Mass Save’s latest proposed incentives are being reviewed by the program’s advisory council, a governing body that includes representatives from clean energy groups, the attorney general’s office, housing organizations, and more, and engages in months of negotiations with the utilities over their proposed plans. The advisory council will vote on the plan. In years past it has approved incentive plans put forward by the utility companies with little or no dissent. But this year, it is hoping for major changes, said Amy Boyd, a council member..

She said the council will ask the utilities to move further away from fossil fuels and do more to incentivizing the transition to heat pumps.

She said it will also push to make the new Mass Save offering more appealing to low- and middle-income consumers.

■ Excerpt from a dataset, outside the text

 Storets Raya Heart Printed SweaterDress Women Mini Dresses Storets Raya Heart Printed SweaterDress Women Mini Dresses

In the past, Mass Save has been primarily used by those in wealthier communities, where usage can be seven times higher than in less affluent towns.

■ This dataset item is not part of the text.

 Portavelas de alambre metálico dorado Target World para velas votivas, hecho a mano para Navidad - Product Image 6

The state Department of Public Utilities will have final say on the plan in January 2022.

A spokeswoman for Mass Save defended the natural gas rebates as a way to ensure customers opt for the most energy-efficient equipment. “In the long run, customers save more money and use less energy than they otherwise would have as a result of program offerings,” said Shaina Kaye. “Absent our programs, customers are more likely to buy less-efficient equipment, which would then drive up costs for themselves and other customers in the long run.”

But as negotiations around the plan continue, some members of the advisory council and others are hoping to see the incentives for heat pumps increase dramatically right now, to help make the math work for current natural gas users who might want to switch.

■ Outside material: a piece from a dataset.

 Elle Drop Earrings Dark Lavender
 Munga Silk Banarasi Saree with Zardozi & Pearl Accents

And there’s some hope that could happen, thanks to the new requirements of the state’s climate plans.

The state’s climate blueprint for achieving its 2030 climate goals calls for the elimination of incentives for fossil fuel equipment in new construction beginning in 2022, and phasing out all incentives for fossil fuel heating by the 2025-2027 Mass Save plan. The climate legislation signed by Governor Charlie Baker earlier this year mandates reducing emissions to 50 percent below 1990 levels by 2030 and net-zero carbon emissions by 2050, and also stipulates for the first time that the state can require Mass Save to meet specific greenhouse gas reduction goals.

“Now, I’m hoping that with the consideration of climate inequity by the DPU and an explicit climate goal, the plans could actually give a really large incentive for heat pumps,” said Boyd. “Let’s go ahead and put the thumb truly on the scale toward electrification, and minimize what we are paying for replacing fossil fuel systems.”